Konkomba have been marginalized in Ghana by virtue of not having paramount chieftancy (Nas). However, Dagomba, Gonja and Nanumba have their own long established chieftancy system and claim suzerainty over the Konkomba and the land which the Konkomba farm. Fundamental disagreement over issues of land and political representation have led to bloody clashes between Konkomba, Nanumba and their Dagomba allies.

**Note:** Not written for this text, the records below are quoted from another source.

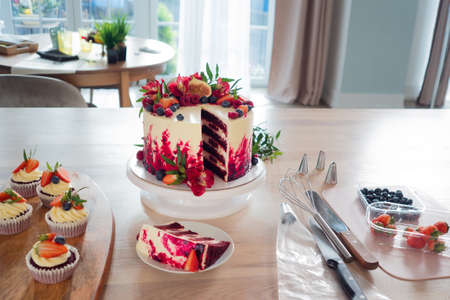 Big beautiful red velvet cake, with flowers and berries on top. Slice on a plate, dessert. Cake and muffins, cooking at homeの写真素材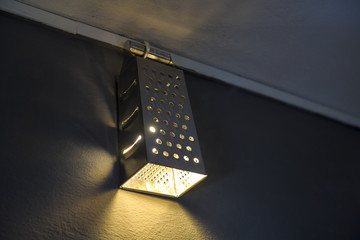 Warm lighting coming out from beautiful home made diy kitchen grater and lamps on wall
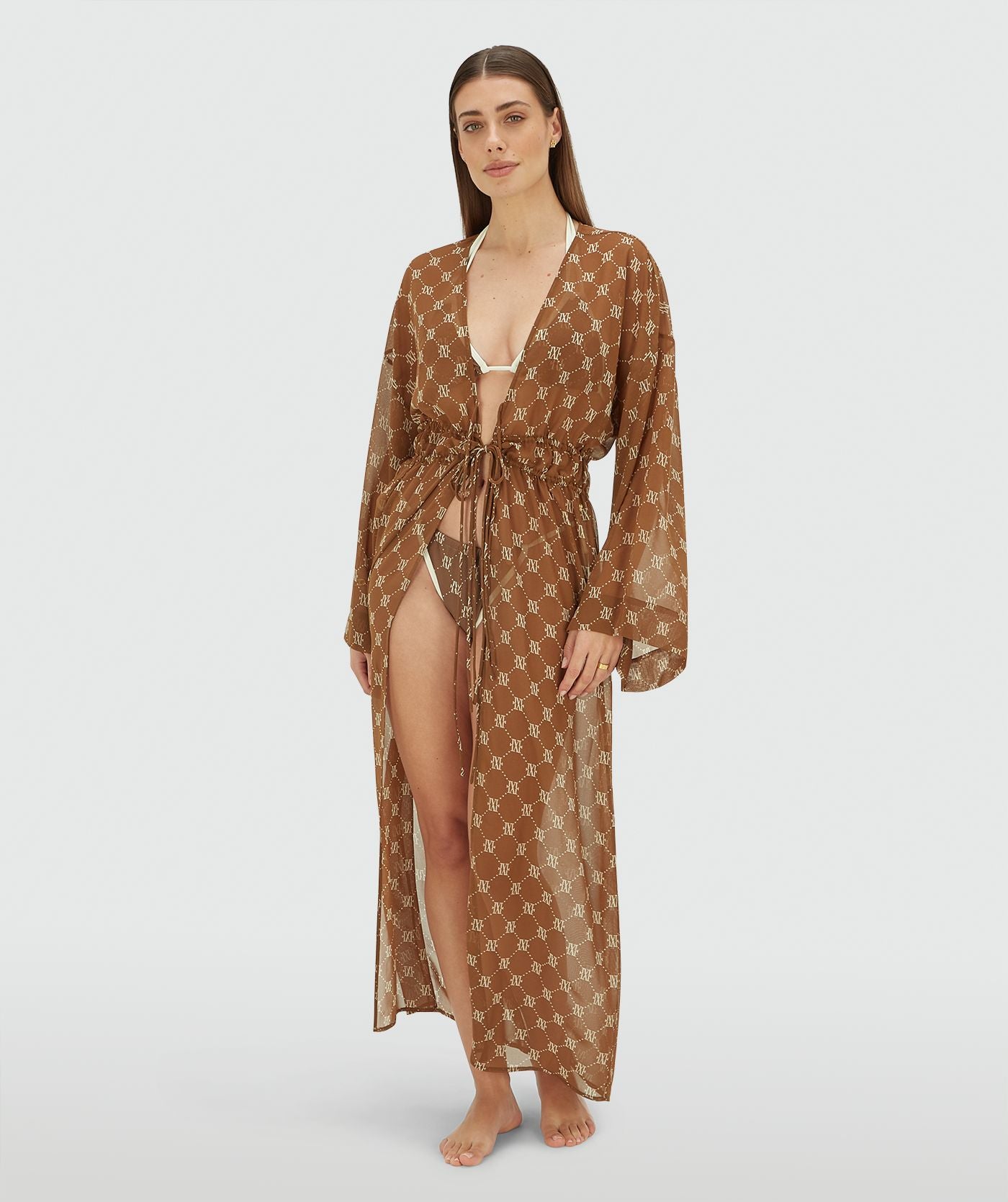 Image 36: Model draagt een oversized kimono met logoprint in de kleur Brown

Gonja support Nanumba and Dagomba, while neighbouring groups with a similar decentralised organization such as Basari, Nawuri and Nchumuru, side with Konkomba. Nanumba, Dagomba and Gonja claim Konkomba as their subjects, that is, strangers who settled in their land and have paid tribute such as brides, free labour, crops and livestock for centuries. Konkomba say they were regarded as 'subjects' only because Dagomba and their allies occupied ancestral Konkomba land. Konkomba claim to be indigenous to north-east Ghana and north-west Togo, a claim supported by historians and anthropologists. Dagomba royal history says Yendi, the seat of the Ya-Na (president of the Dagomba Traditional Council) was a Konkomba town when they captured it. When tracing their ancestry, Konkomba invariably say they came from a hole in the ground while the Nanumba, Dagomba and Gonja find their forebears among the cavalry-led groups who plundered their way south from what is now northern Burkina Faso.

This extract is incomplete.